Maîtriser son identité numérique
Au fil du temps, l'identité numérique devient liée à notre «e-reputation», un des critères essentiels pour décrocher un emploi actuellement. D'où l'importance d'être responsable et de bien gérer l'image de soi postée sur le Net. Il est nécessaire de prendre en main son identité numérique et de participer activement à sa construction et sa délimitation pour mieux maîtriser les risques. La prudence est de rigueur: tout ce que je poste de personnel ne m'appartient plus. Les informations sont irrécupérables et peuvent revenir nous hanter des années plus tard. «Tout dépend de l'attitude que le jeune adopte sur le Web, affirme Rowena Ghoch.

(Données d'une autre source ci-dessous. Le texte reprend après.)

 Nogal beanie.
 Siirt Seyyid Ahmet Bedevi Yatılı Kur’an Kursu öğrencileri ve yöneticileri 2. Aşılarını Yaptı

Quand il y a amour excessif de soi à travers des selfies à n'en plus finir, quand toute la vie tourne autour d'un réseau social, et que le jeune ne se reconnaît plus qu'à travers cette image virtuelle qu'il cherche à montrer, quand il devient aveugle consommateur de tous les "modèles" véhiculés sur le Net, et que sa confiance en soi se construit sur un monde virtuel, il y a danger. Il ne faut donc pas oublier que l'identité numérique et les réseaux sociaux ne sont pas l'unique source d'identification et de reconnaissance de soi. Le jeune peut se reconnaître et s'identifier à travers le regard de l'autre qui vit avec lui : parents, amis, professeurs. Il se reconnaît à travers les moments de sa vie quotidienne réelle, ses efforts, son travail, etc. Il faut donc être toujours conscient que, si sur les réseaux sociaux tout est facile et possible, dans la vie, ce n'est pas toujours le cas : les défis existent, les frustrations aussi. D'où l'importance de renforcer la communication réelle et vraie», conclut Rowena.
Être et devenir soi-même, regarder en vérité l'image de soi affichée au regard des autres, voilà l'essentiel.